Work to be completed: Give back the data exactly, with no images.

Source material:

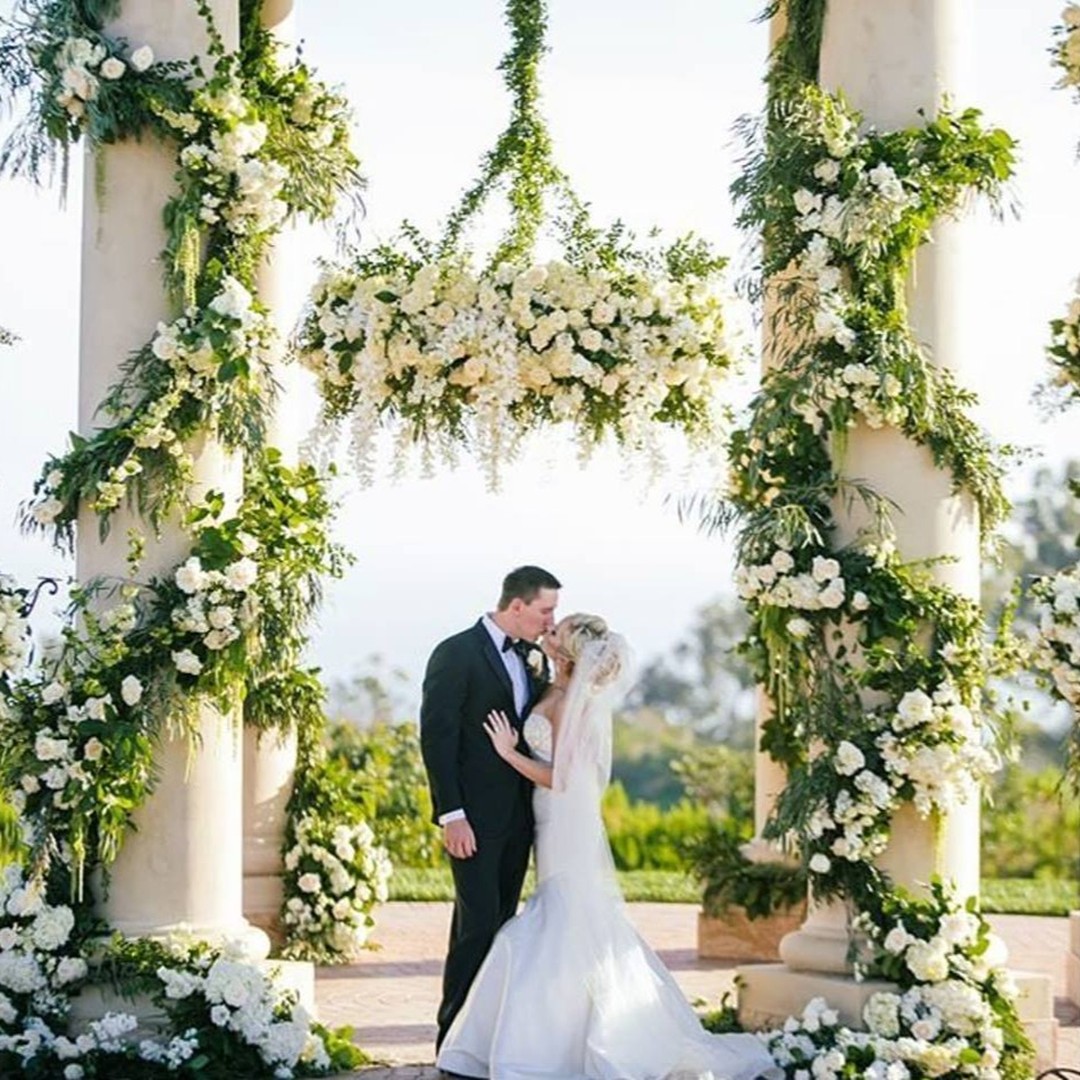 barbaraselegant's tweet image. We are a luxury #weddingplanning company making dreams come true.
#weddingplanner #weddingdesigner
@kayhahn1 @steventeaster @garybryanshow @AlanSemsar @mistletoeus @HOLLYJBIRD @KimSimons2 @lleweddings @Vegas2LAMag @chrisyanke @RegistryBridges @Klompsoares @tumblin_sam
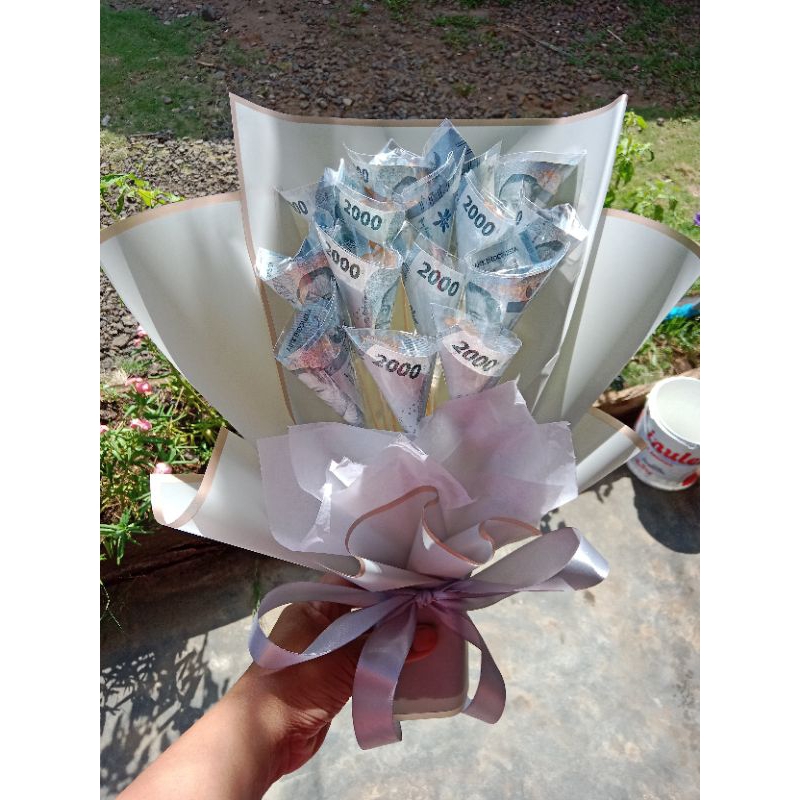 Jual buket uang 2 ribuan isi bisa custom | Shopee Indonesia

Expected answer:
 barbaraselegant's tweet image. We are a luxury #weddingplanning company making dreams come true.
#weddingplanner #weddingdesigner
@kayhahn1 @steventeaster @garybryanshow @AlanSemsar @mistletoeus @HOLLYJBIRD @KimSimons2 @lleweddings @Vegas2LAMag @chrisyanke @RegistryBridges @Klompsoares @tumblin_sam
 Jual buket uang 2 ribuan isi bisa custom | Shopee Indonesia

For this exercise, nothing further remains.